What you should do »
Take every line from the listing below that includes "Freestanding" and copy it.

Recorded information »
»»

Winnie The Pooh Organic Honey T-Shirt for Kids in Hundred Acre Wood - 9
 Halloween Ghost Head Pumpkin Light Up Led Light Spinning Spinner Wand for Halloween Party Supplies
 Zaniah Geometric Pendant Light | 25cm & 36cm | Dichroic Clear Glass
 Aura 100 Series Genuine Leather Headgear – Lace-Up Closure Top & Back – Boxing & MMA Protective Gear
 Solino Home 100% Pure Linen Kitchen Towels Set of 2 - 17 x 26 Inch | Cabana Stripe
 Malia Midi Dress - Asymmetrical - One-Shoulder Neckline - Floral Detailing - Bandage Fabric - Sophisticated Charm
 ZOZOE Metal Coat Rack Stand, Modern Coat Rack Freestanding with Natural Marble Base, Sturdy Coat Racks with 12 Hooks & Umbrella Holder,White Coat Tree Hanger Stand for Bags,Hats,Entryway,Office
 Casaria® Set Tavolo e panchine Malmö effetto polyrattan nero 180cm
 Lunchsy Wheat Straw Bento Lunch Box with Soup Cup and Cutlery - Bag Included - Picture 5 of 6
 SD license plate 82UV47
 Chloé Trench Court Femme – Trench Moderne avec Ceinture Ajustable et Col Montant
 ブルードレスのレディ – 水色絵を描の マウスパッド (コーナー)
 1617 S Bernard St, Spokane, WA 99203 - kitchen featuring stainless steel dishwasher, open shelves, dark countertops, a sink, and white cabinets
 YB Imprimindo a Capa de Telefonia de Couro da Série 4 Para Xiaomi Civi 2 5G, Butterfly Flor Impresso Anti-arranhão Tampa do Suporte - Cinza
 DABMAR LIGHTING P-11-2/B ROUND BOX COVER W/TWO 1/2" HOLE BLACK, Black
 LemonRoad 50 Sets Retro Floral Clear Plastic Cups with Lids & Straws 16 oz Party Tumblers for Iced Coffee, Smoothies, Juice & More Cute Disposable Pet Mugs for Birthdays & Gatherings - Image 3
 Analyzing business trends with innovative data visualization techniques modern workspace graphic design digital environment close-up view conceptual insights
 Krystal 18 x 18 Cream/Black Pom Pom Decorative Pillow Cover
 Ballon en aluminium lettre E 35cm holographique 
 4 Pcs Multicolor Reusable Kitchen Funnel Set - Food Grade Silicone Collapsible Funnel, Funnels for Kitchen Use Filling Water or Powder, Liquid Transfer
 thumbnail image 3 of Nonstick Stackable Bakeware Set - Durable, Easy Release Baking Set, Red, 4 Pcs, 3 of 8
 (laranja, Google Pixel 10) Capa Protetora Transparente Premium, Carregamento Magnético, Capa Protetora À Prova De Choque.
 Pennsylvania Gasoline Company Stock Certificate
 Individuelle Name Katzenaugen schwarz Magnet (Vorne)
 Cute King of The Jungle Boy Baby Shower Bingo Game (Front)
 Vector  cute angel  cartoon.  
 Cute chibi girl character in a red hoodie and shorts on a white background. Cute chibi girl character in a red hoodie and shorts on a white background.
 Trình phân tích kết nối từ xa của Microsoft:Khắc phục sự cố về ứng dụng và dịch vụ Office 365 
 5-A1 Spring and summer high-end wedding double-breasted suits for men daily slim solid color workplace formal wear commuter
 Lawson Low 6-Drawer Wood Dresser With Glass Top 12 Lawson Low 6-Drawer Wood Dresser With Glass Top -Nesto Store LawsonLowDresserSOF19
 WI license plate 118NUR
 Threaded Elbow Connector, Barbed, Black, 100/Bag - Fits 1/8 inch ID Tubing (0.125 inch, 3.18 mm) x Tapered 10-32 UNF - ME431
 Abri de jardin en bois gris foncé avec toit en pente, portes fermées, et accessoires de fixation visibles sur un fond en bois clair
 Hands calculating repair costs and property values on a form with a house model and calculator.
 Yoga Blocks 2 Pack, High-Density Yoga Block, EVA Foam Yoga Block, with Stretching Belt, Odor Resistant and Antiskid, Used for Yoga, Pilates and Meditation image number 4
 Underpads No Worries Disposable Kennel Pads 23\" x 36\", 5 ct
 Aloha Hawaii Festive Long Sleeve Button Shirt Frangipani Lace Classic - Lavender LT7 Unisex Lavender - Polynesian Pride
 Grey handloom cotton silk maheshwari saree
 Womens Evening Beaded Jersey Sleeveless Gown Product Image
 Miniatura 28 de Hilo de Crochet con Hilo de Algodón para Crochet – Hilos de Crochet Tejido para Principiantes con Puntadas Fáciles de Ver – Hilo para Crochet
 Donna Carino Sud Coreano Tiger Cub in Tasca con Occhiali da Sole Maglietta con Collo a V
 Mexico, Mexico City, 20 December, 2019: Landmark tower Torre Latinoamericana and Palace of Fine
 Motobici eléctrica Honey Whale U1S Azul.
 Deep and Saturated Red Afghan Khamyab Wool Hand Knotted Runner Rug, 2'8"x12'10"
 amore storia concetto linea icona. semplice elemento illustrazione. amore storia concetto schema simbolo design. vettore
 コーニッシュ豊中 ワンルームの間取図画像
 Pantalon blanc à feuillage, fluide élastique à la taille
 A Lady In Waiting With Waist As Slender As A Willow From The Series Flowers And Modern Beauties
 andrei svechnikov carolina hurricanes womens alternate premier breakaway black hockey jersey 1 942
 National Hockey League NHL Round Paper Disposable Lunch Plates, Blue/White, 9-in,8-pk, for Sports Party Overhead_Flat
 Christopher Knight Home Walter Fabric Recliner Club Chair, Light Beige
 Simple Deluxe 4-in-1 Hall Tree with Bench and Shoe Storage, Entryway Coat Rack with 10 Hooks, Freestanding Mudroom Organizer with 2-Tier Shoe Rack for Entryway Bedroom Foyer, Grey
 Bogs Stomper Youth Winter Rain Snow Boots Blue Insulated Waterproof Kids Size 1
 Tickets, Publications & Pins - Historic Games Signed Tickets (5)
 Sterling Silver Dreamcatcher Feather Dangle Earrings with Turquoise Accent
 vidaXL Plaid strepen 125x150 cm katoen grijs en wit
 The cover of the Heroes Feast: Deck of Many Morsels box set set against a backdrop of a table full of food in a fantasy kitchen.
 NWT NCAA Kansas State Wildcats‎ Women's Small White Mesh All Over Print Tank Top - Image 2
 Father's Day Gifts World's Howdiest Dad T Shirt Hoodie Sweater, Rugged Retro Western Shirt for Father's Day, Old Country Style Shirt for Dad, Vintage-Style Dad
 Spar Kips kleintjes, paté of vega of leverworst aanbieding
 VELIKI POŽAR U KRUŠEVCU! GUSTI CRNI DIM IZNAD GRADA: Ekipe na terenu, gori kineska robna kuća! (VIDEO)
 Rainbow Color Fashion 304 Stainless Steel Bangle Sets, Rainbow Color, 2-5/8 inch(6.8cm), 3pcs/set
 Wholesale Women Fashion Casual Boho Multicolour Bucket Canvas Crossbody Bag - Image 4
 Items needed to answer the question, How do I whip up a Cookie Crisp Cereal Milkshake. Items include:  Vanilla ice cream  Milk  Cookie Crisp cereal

««

Written response »
 ZOZOE Metal Coat Rack Stand, Modern Coat Rack Freestanding with Natural Marble Base, Sturdy Coat Racks with 12 Hooks & Umbrella Holder,White Coat Tree Hanger Stand for Bags,Hats,Entryway,Office
 Simple Deluxe 4-in-1 Hall Tree with Bench and Shoe Storage, Entryway Coat Rack with 10 Hooks, Freestanding Mudroom Organizer with 2-Tier Shoe Rack for Entryway Bedroom Foyer, Grey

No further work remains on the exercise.